▶ Requirement
The output must contain exactly the lines from the top of the listing below through the line containing "DressilyMe fine elegant", and no pictures.

____

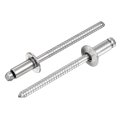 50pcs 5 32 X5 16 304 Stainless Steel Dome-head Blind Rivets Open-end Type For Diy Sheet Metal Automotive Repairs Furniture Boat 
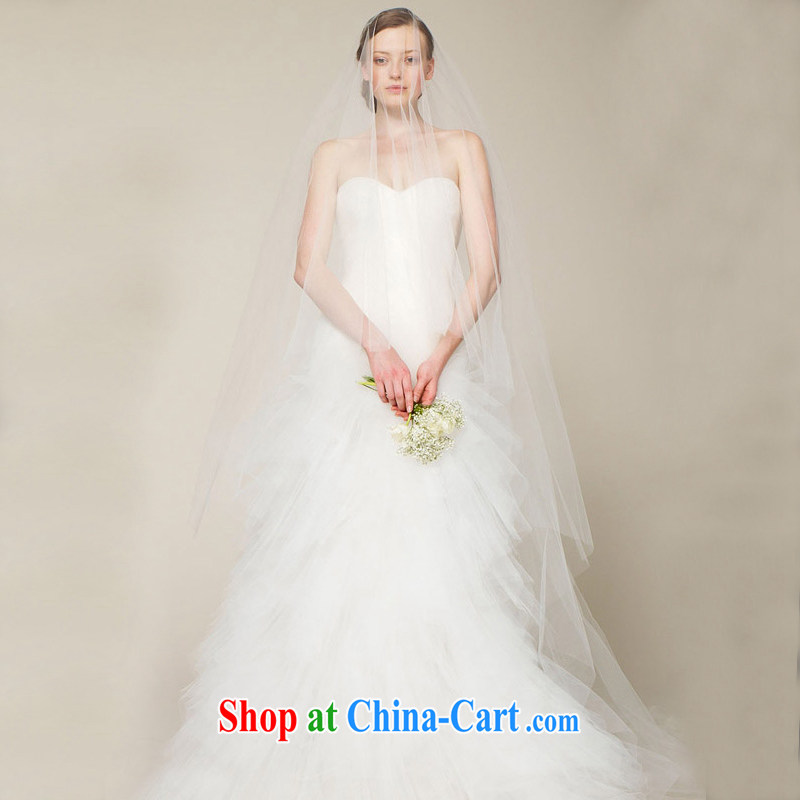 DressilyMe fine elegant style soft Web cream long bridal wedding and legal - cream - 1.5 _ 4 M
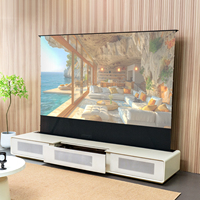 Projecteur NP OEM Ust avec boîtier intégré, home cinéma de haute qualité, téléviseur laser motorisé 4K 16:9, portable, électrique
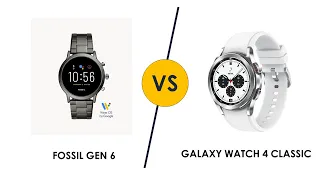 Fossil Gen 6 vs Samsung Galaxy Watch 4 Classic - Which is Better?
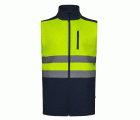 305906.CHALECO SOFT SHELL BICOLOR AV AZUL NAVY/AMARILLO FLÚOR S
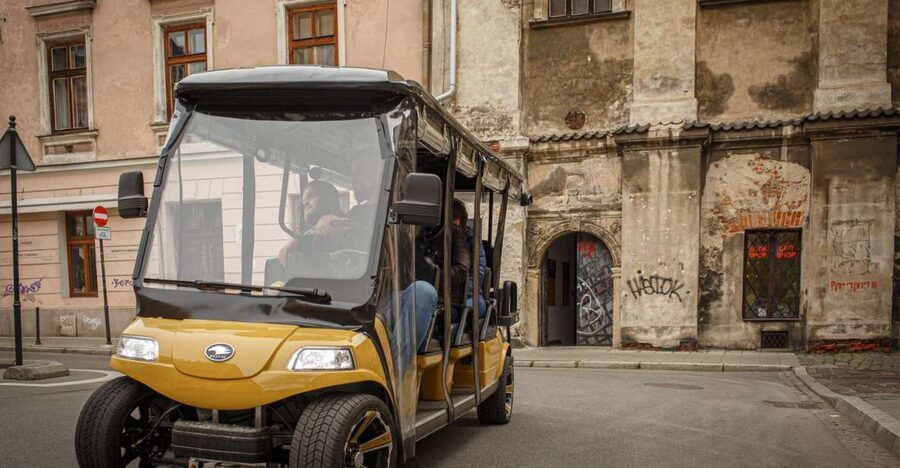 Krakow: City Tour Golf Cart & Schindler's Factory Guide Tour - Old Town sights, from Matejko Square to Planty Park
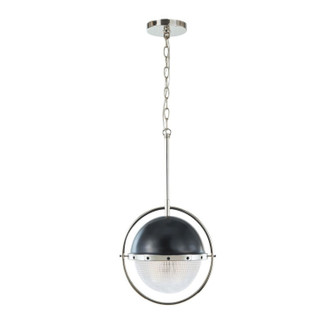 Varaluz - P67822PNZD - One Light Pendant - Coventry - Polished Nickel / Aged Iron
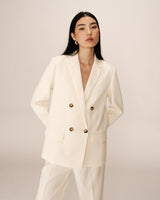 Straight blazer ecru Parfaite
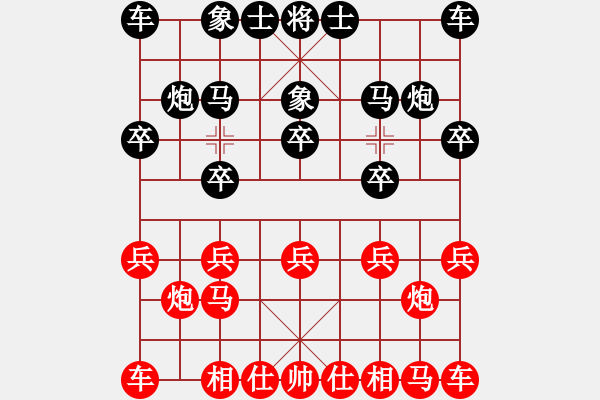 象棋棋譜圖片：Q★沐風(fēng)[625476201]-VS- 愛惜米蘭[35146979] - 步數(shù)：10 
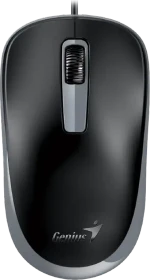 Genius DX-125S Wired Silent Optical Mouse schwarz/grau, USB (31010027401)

____

▶ Reply
 50pcs 5 32 X5 16 304 Stainless Steel Dome-head Blind Rivets Open-end Type For Diy Sheet Metal Automotive Repairs Furniture Boat 
 DressilyMe fine elegant style soft Web cream long bridal wedding and legal - cream - 1.5 _ 4 M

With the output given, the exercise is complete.